Incident Report for Keen

Postmortem

Last week we had a hard disk fail on one of our Cassandra nodes. This is a relatively common occurrence for which we have a standard operational runbook. We removed the node normally, replaced the disk, and prepared it to re-join the cluster. On the morning (PST) of Tuesday 11-15 we began the process of adding the node back into the cluster, and fairly quickly started noticing a number of signs that it was not working correctly. This included reports from several customers of inconsistent query results (thanks for letting us know!), corroborated by automated tests.

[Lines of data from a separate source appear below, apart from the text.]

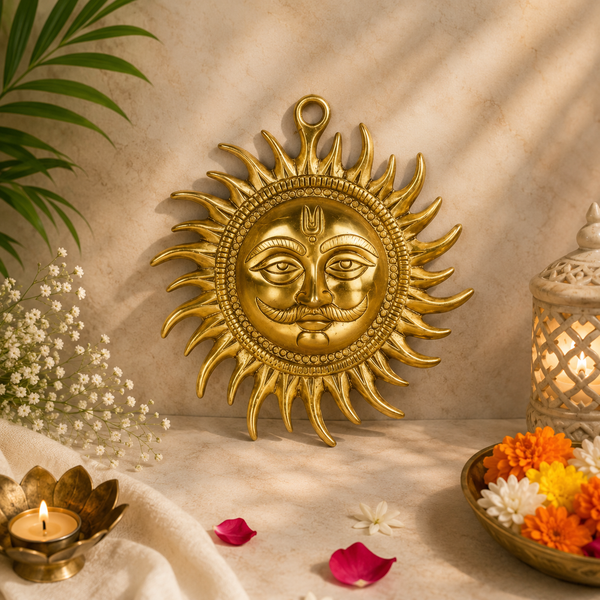 Brass Surya Face Wall Hanging – Sun God Wall Decor for Vastu & Positive Energy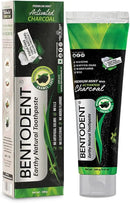 BENTODENT Teeth Whitening Bentonite Clay & Activated Organic Charcoal Toothpaste & Scraper - Detox,Tea Tree, Fluoride Free Adult, Vegan, Travel 3.52 oz by CozyNest Decor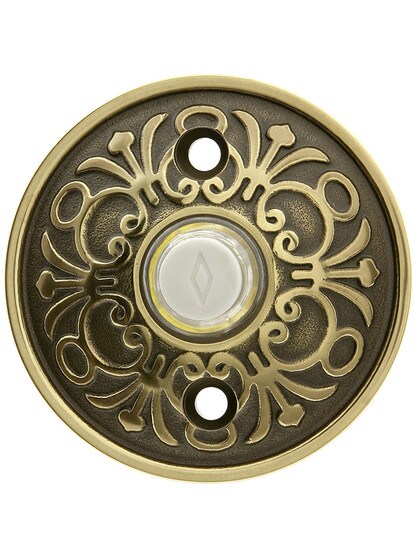 Solid Brass Lancaster Style Buzzer Button in Antique Brass.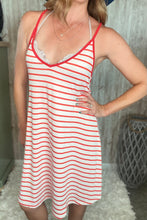 Load image into Gallery viewer, Red &amp; White Striped Beach Cover Up Dress
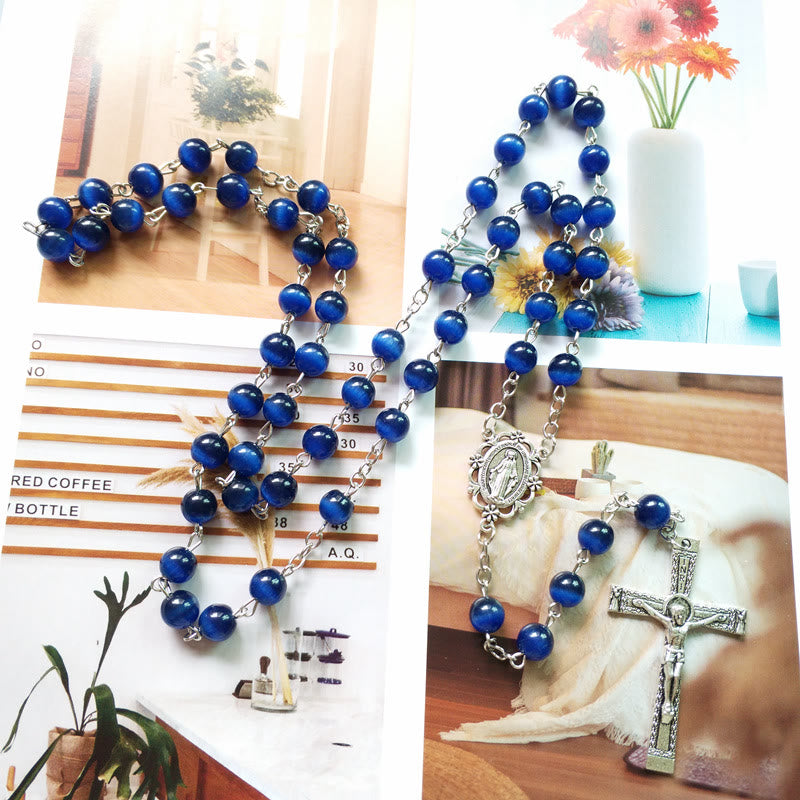 Olivenorma Blue Cat's Eye 8mm Stone Cross Rosary Necklace - image 4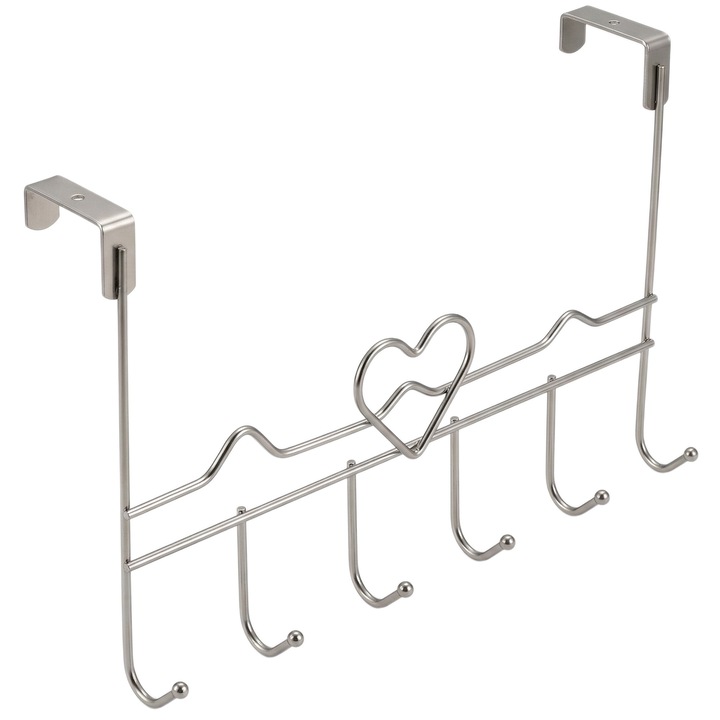 Cuier pentru Usa Aurov®, Model Inima, cu 6 Agatatoare, Metalic, Montaj Fara Gaurire, 37x6x 22.5 cm, Argintiu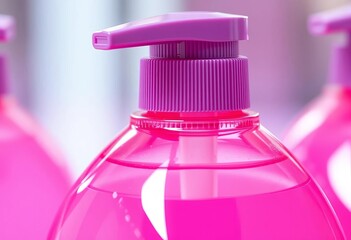 Pink liquid soap bottle with dispenser, close-up, liquid, soap bottle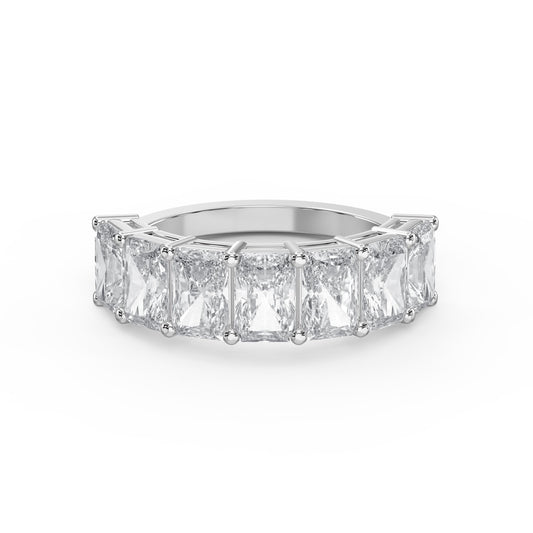 Luxury Radiant Cut Diamond Half Design Ring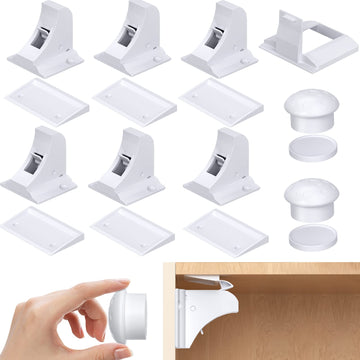 Child Safety Magnetic Cabinet Locks 6 Pack+2 Keys Baby Cabinet Locks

We immediately began to investigate why this node may have been different from other nodes that we've used the same procedure on in the past. It turned out that this node was a Cassandra seed, which requires special treatment; by luck, we have never had to replace one of our seed nodes before. We were aware that the seeds were special but had developed a blindspot in our operational runbook and overlooked this detail.

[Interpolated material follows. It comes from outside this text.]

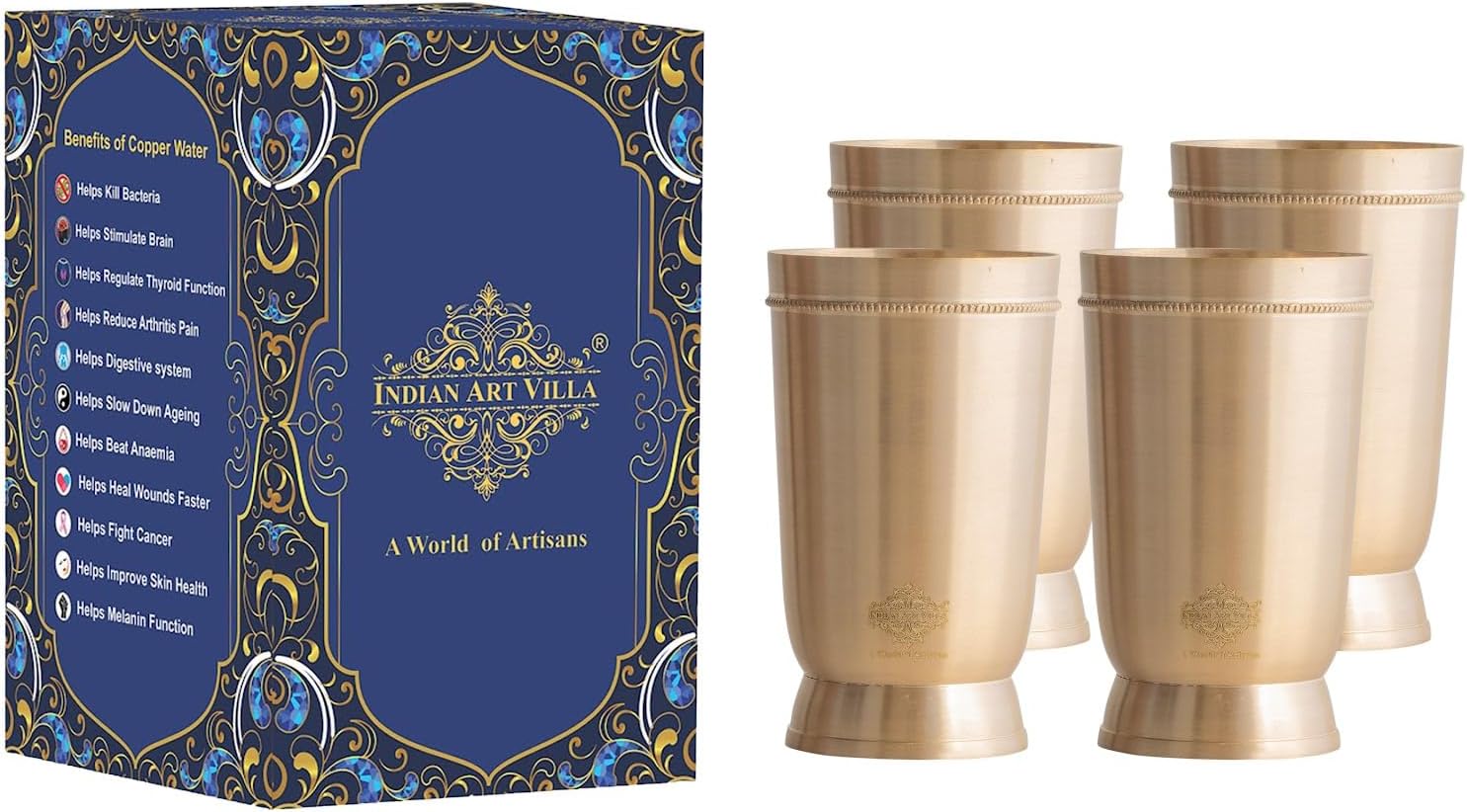 INDIAN ART VILLA Pure Brass Glass Tumbler, for Drinking Serving Water, Yoga & Ayurveda (Pack of 4, Matt Finish)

Once we understood the issue we re-removed the node from the cluster and worked to follow the special instructions for replacing seed nodes, which includes updating the cluster-wide seeds list (a somewhat involved process). Once that completed we re-added the node.

We have updated our runbooks to more clearly call out this special case so that we avoid similar incidents in the future.

Posted Nov 16, 2016 - 10:33 PST

Resolved

Queries should be returning consistent results now. Again, no data was lost. Please let us know if you continue to see inconsistent results.

Posted Nov 15, 2016 - 18:29 PST

Update

We took steps to mitigate the query inconsistency; most queries should be returning consistent results now. We are still working on the underlying issue and may have some additional brief periods of inconsistency as we perform this maintenance. We will keep this incident open while we perform that work, just in case. We still do not have any reason to believe that any data has been lost. Thanks for your patience.

Posted Nov 15, 2016 - 14:12 PST

Identified

We have discovered an issue which is causing some queries to return inconsistent results. We believe we've identified the root cause and are taking steps to remedy the situation. We currently believe that no data has been lost, but we will follow up to confirm.

Posted Nov 15, 2016 - 11:01 PST

This incident affected: Compute API.